The deeper question: Is the Hindu community unable to preserve its own heritage?
The sub‑text of the entire debate is my own question:
If the Hindu community is capable of preserving its temples and utsavas, why does it need to seek validation from an international body like UNESCO? Worse, if powerful institutions like the Ahobila Mutt cannot, in practice, manage Ahobilam according to hoary traditions, does that indicate a deeper failure of Hindu agency?
The answer lies not in the Mutt but in the structures that have been imposed upon it.
For over a century, the logic of the HR&CE‑style regime—first under colonial “court of wards” thinking, then under Dravidian‑state models—has steadily eroded temple autonomy.
Temples are treated as “state property” or “public assets,” while mutts, mathas, and kshetra‑samsthas are marginalised, bypassed, or portrayed as inefficient. The result is not a dharmic institution failing to preserve heritage; it is a dharma‑sādhu institution being systematically constrained, under‑funded, and over‑politicised.
In such a context, UNESCO recognition is not proof that the Hindu community cannot preserve its heritage. Rather, it can at best only serve as a diplomatic lever to expose the disconnect between the sacred‑status of the Paruveta Utsavam and the secular, often corrupt, machinery that surrounds it. The Mutt is perhaps not asking UNESCO to “save” Ahobilam; it may be using UNESCO‑linked recognition to argue: “We have the will and tradition; grant us the constitutional and administrative autonomy to act on it.”
Financial benefits: real, but indirect and risky
Could UNESCO branding bring money to Ahobilam or the Mutt? Only in an indirect sense.
• It may attract more state and central funding for conservation, roads, drainage, and other infrastructure projects, because the site is now “high‑value heritage.”
• It may boost pilgrimage‑tourism footfall, increasing donations, prasadam sales, and related income streams.
But these benefits are not guaranteed to reach the Mutt or the devotee in a transparent or equitable way. If the Andhra‑Telangana temple‑administration model parallels the Tamil HR&CE pattern, much of the revenue and authority will remain with the state‑controlled machinery. UNESCO status can even incentivise commercialisation—more hotels, more “heritage‑tour” packages—without necessarily improving darshan‑quality, sadhana‑environment, or ritual integrity.
In short, UNESCO will not write cheques to the Ahobila Mutt; it may, at best, help the Mutt argue for better funding and better management channels. The real question is whether those channels will be devotional‑autonomous or state‑dominated.
Conclusion: Recognition with dignity, not dependence
The debate over UNESCO recognition for the Paruveta Utsavam at Ahobilam should not be reduced to a binary of “pro‑UNESCO” versus “anti‑UNESCO.” The deeper issue is who controls Hindu temples—the sampradaya or the state.
• If UNESCO recognition is used to reinforce Article 26(d) autonomy, strengthen mutt‑centred conservation, and build transparent, dharma‑friendly funding mechanisms, it can be a tactical ally.

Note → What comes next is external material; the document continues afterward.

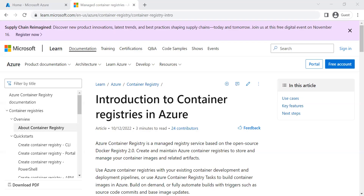Hello everyone. In this video we are going to see what Azure Container Registry is, followed by creating a new container registry. To upload or push images to the registry, we will be creating an Azure Linux VM, installing Docker on it, and from Docker we will push the image to Azure Container Registry.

• If it is used mainly to enhance the state’s image, justify more bureaucratic control, or glamorise “heritage‑tourism” without real devolution, then it will be yet another symbolic ornament over a still‑crippled temple‑governance system.

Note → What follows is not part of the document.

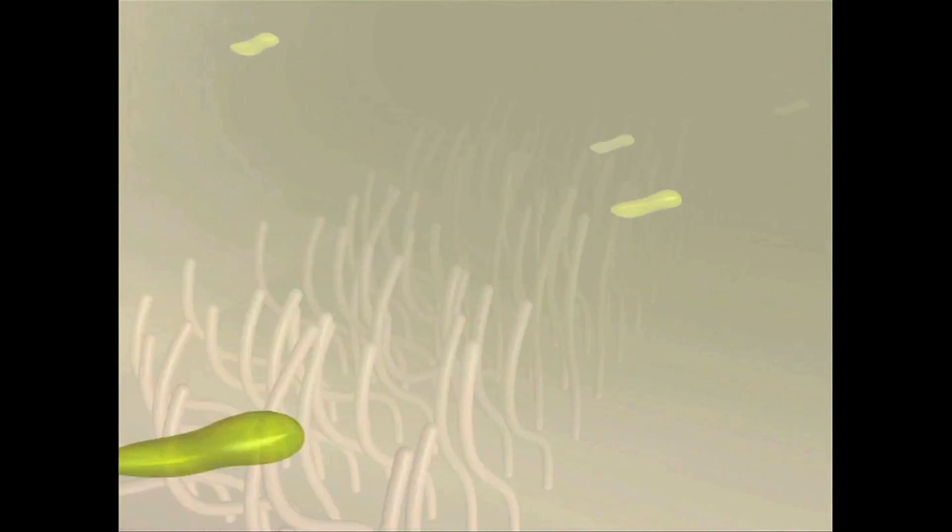A lone patch of cilia beat in the dark, deep inside the lung. At this scale, the cilia seem all alone, but the lung is teeming with life.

For the Ahobila Mutt, the highest goal is not an international tag but the restoration of its traditional authority to manage Ahobilam according to sampradaya‑siddha norms, free from the cycle of political take‑overs and administrative interference. UNESCO recognition, at its best, can help highlight that ideal; but only a constitutional and cultural re‑assertion of Hindu temple autonomy can make it real.